GEA issues Guidance for 2011
Net liquidity more than doubled year-on-year to EUR 104.8 million, partly due to lower investing activities and the targeted reduction in working capital, which could be reduced by approximately EUR 350 million in the course of the past two fiscal years.
Commenting on business expectations for the current year, Jürg Oleas, CEO of GEA Group Aktiengesellschaft, noted: “The now encouraging level of investment in the food industry is likely to remain firm, and the energy sector, which has been muted to date, is set to continue recovering. As a result, we are forecasting an organic increase in order intake and revenue of at least 5 percent in 2011. With regard to earnings, we are expecting the EBIT margin to grow to approximately 9 percent. No further significant one-off expenses are expected for 2011.”

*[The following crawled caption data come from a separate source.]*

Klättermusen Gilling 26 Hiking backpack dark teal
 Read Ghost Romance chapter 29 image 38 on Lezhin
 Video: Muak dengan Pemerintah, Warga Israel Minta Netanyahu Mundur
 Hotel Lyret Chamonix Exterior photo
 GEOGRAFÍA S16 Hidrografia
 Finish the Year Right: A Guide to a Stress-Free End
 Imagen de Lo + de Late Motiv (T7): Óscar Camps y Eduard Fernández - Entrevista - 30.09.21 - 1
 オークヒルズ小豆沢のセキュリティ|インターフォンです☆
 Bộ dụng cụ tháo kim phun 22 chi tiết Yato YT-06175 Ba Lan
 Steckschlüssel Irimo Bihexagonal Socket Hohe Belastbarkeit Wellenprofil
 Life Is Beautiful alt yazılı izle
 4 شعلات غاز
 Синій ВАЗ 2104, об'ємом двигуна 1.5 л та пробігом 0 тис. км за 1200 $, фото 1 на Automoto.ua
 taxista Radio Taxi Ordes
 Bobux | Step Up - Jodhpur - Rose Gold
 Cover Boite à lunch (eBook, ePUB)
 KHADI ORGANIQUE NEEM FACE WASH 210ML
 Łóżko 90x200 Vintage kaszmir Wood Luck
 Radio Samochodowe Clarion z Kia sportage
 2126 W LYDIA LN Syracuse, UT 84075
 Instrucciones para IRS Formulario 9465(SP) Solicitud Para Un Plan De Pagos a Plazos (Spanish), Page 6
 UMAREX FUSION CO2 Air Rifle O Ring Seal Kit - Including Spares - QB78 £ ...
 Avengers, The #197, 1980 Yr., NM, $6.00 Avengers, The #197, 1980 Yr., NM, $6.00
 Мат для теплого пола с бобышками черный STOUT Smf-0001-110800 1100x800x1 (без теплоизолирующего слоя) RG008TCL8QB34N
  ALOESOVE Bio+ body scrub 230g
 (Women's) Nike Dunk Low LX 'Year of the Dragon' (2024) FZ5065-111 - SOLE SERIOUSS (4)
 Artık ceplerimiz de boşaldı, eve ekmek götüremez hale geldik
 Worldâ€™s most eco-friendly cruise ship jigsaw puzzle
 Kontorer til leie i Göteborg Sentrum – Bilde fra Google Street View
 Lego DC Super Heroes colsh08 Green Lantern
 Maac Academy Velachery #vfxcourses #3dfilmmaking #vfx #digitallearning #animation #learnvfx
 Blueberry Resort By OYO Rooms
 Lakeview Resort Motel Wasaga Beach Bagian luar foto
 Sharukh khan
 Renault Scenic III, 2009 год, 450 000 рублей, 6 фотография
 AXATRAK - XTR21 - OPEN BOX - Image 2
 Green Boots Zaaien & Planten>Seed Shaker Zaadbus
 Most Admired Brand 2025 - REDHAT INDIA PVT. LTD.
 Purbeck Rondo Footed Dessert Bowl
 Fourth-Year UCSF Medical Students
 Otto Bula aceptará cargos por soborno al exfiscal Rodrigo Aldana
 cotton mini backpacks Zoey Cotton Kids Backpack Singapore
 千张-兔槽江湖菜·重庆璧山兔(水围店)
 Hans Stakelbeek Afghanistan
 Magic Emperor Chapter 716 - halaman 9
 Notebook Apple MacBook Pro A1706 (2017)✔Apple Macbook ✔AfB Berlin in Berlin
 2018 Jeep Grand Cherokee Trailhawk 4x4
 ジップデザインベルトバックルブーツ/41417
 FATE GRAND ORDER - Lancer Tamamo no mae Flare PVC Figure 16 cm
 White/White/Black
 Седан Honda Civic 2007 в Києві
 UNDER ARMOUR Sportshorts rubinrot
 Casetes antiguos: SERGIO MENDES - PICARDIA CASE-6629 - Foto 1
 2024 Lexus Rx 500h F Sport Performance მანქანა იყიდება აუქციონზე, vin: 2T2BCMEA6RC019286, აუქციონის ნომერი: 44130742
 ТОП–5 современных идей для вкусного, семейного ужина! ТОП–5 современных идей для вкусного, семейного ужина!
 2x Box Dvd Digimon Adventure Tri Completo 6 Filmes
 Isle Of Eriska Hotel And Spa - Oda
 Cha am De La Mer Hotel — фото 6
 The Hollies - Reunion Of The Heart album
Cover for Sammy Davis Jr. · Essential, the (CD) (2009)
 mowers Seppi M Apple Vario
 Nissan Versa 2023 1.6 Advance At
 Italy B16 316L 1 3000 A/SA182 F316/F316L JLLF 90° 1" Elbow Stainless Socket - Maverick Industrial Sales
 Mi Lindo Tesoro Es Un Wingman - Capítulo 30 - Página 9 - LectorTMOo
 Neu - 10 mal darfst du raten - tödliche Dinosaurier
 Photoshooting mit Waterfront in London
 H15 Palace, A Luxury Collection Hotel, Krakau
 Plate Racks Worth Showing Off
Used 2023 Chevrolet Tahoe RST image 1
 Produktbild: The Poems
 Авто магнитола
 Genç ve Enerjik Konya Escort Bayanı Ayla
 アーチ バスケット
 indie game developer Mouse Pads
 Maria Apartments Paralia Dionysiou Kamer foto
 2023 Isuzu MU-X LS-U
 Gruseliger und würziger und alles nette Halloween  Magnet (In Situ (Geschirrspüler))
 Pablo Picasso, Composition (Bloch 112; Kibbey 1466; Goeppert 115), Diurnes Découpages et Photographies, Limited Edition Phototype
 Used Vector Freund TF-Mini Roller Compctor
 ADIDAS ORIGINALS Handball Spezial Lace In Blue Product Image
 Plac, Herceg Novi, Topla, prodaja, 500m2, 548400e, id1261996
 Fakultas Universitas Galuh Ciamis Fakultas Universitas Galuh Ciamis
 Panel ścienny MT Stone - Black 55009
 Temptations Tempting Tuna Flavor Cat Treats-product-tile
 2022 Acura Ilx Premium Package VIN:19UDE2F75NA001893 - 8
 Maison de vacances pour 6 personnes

In addition, the recent acquisitions of Convenience Food Systems (CFS), Bock, and Mashimpeks, which together generated almost EUR 500 million in revenue in the past fiscal year, will contribute to GEA’s business volume on a time-proportionate basis in 2011. Their initial consolidation is expected between February and July.
Looking to the future, Oleas believes that “Our revenue will continue to increase in fiscal year 2012 as against 2011. In 2012, when all restructuring measures will have taken full effect, we are expecting additional increases in both earnings and the EBIT margin. We expect all segments to contribute to this positive development.”
GEA’s policy is to distribute one-third of the group’s earnings as a dividend. The distribution of EUR 0.40 which has been proposed for the past fiscal year is in fact significantly in excess of this.